Stocks close lower as rate fears return
NEW YORK » Stocks closed mostly lower yesterday on resurgent fears of rising interest rates. Investors sold as bond yields remained high, government data showed wages rising and a Federal Reserve official warned more interest rate hikes may be needed.
Wall Street was nervously watching the Treasury market after yields surged Monday to their strongest level since June 2004, pushed up by investor worries about inflation in the United States and rising interest rates in Japan and Europe. The yield on the 10-year Treasury note Tuesday fell to 4.73 percent from 4.74 percent late Monday.
Rising interest rates would not only make loans to consumers and businesses more expensive, they could also make bonds a more attractive investment than stocks.
"It seems like the stock market is finally recognizing what happened to the bond market," said Frank Gannon, senior equity portfolio manager, AIG SunAmerica Mutual Funds.
The Dow Jones industrial average rose 22.10, or 0.2 percent, to 10,980.69. The 30-stock index gained as companies such as Honeywell International Inc. and Procter & Gamble Co. rose. The Dow Jones industrial average fell 63.00, or 0.57 percent, on Monday.
Broader stock indicators were lower. The Standard & Poor's 500 index fell 2.38, or 0.19 percent, to 1,275.88, and the Nasdaq composite index fell 17.65, or 0.77 percent, to 2,268.38.
Declining issues led advancers by nearly 3 to 1 on the New York Stock Exchange.
In economic news, wage pressures accelerated at the fastest pace in a year, according to Labor Department data, intensifying inflation concerns. Revised figures from the Labor Department showed the efficiency of American workers declined in the final three months of 2005, the first time that has happened in more than four years.

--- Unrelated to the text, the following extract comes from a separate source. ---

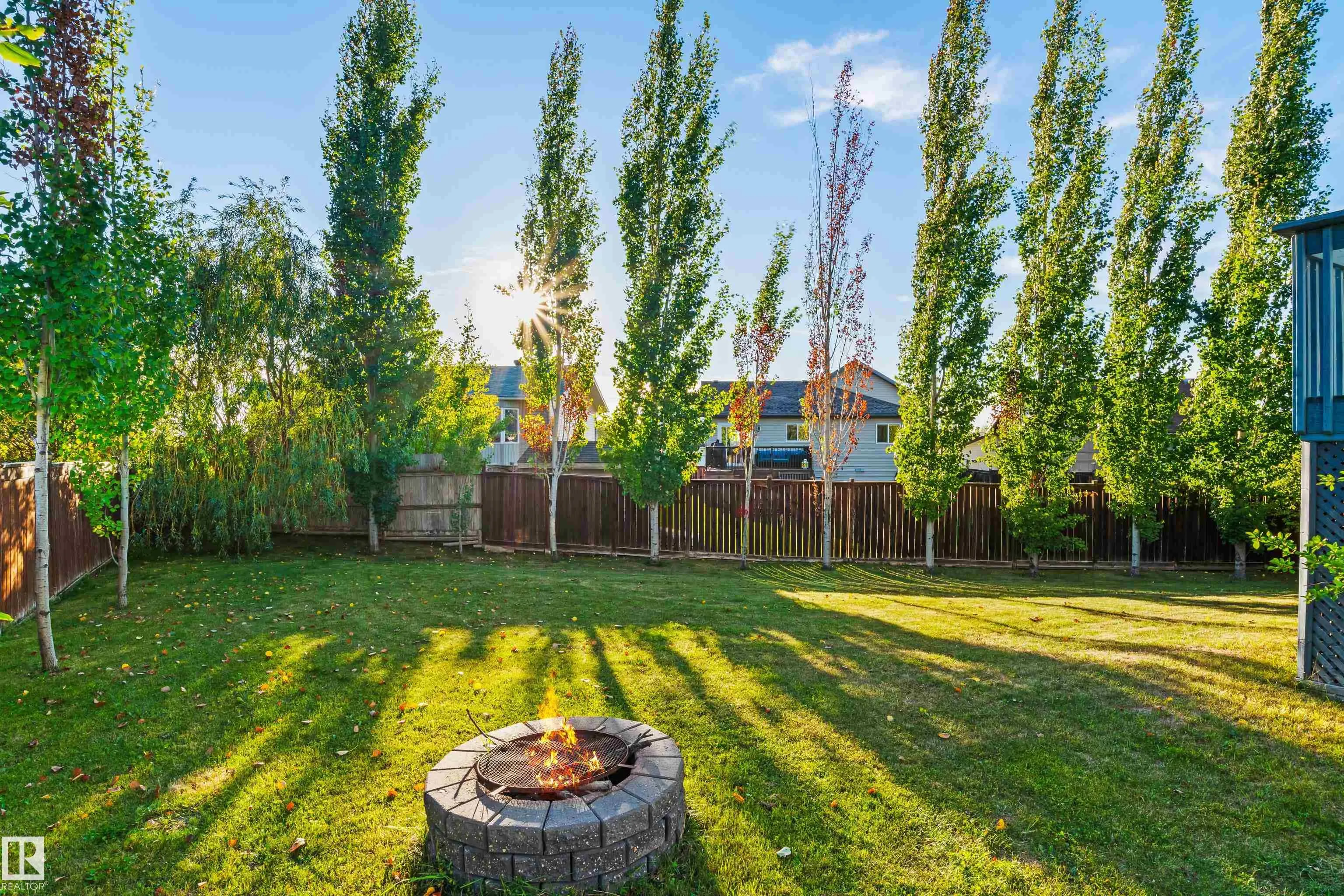707 Sparrow Close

Analysts said investors were also spooked by a hawkish interview with St. Louis Fed President William Poole, published by the Reuters news service. "Should we get the data in coming months that are consistently strong, particularly if there are substantial upside surprises, then that says we're going to have to step a little harder on the brake," he said. Poole is not a voting member of the policy-making Federal Open Markets Committee this year.
Poole's comments and a Lehman Brothers forecast of 5.5 percent federal funds rates, up from the current rate of 4.5 percent, has convinced Wall Street that interest rates are going higher than investors had hoped.